MADRID: Spain's sickly economy faces a "crisis of huge proportions", a minister said yesterday, as unemployment hit its highest level in almost two decades and Standard and Poor's downgraded the government's debt by two notches.
Unemployment shot up to 24 per cent in the first quarter, one of the worst jobless figures in the developed world. Retail sales slumped for the 21st consecutive month as a recession cuts into consumer spending.
"The figures are terrible for everyone and terrible for the government ... Spain is in a crisis of huge proportions," Foreign Minister Jose Manuel Garcia-Margallo said in a radio interview.
Standard and Poor's cited risks of an increase in bad loans at Spanish banks and called on Europe to take action to encourage growth.
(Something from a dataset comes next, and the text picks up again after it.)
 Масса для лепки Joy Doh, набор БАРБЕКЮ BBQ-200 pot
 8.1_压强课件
The downgrade spooked financial markets, raising the interest rate fellow euro zone struggler Italy was forced to pay to sell 10-year bonds at auction. The yield was its highest since January as investors worried about the economic outlook in the bloc's indebted states.
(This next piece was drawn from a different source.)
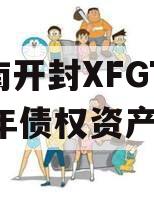 河南开封XFGT2024年债权资产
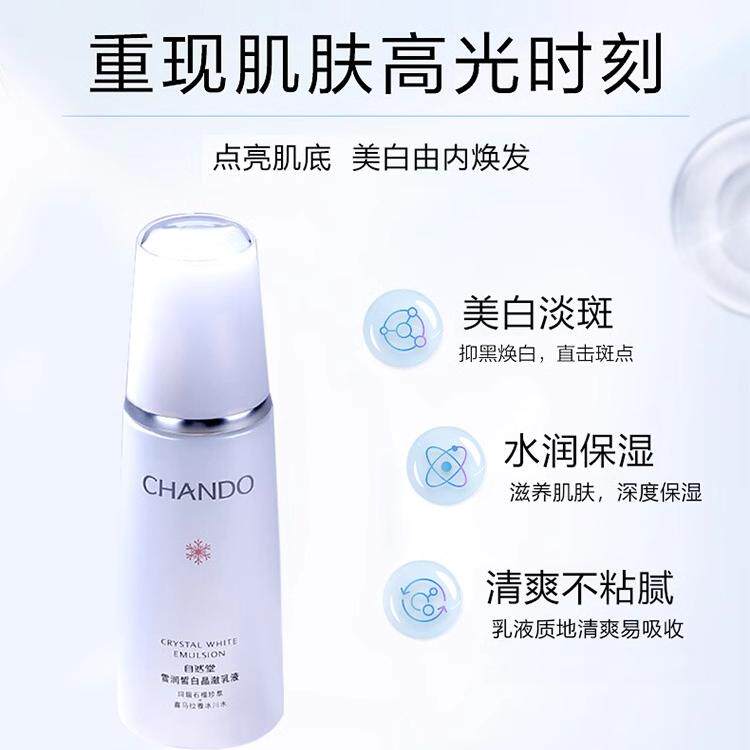 自然堂雪润皙白晶澈乳液120ml美白保湿补水滋润正品提亮护肤品女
Analysts said the 5.95 billion euro ($7.9bn) Italian auction went well under the circumstances, but Rabobank strategist Richard McGuire said the 5.84pc 10-year yield "leaves a question mark over how long Italy will be able to finance itself at levels that can be deemed sustainable".
Italy's main banking association said the economy may contract by 1.4pc this year, more than the government's 1.2pc forecast.
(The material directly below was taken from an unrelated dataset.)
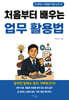처음부터 배우는 업무 활용법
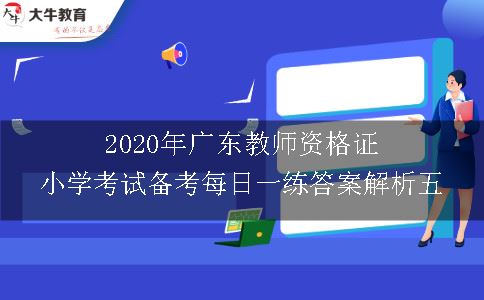 2020年广东教师资格证小学考试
Spain's country risk, as measured by the spread on yields between Spanish and German benchmark government bonds, spiked before levelling off to around 420 basis points.
Spain has slipped into its second recession in three years and fears that it cannot hit harsh deficit cutting targets this year have put it back in the centre of the debt crisis storm, pushing up its borrowing costs.
Recovery and job creation are still two years off, Economy Minister Luis de Guindos said yesterday in a news conference where he forecast 0.2pc growth in the gross domestic product next year and 1.4pc growth in 2014.
The Treasury Ministry estimated the increase of 365,900 jobless people in the first quarter meant a loss of 953 million euros in tax income.
The unemployment rate was up from 22.9pc in the last quarter of 2011 and was worse than economists had forecast. Half of Spain's youth are out of work, and figures are unlikely to improve for some time as the government slashes spending by 42bn euros this year, some 4pc of economic output.
S&P now has Spain on a BBB+ rating, which means "adequate payment capacity" and is only a few notches above a junk rating. Fitch and Moody's still rate Spain's sovereign with a "strong payment capacity".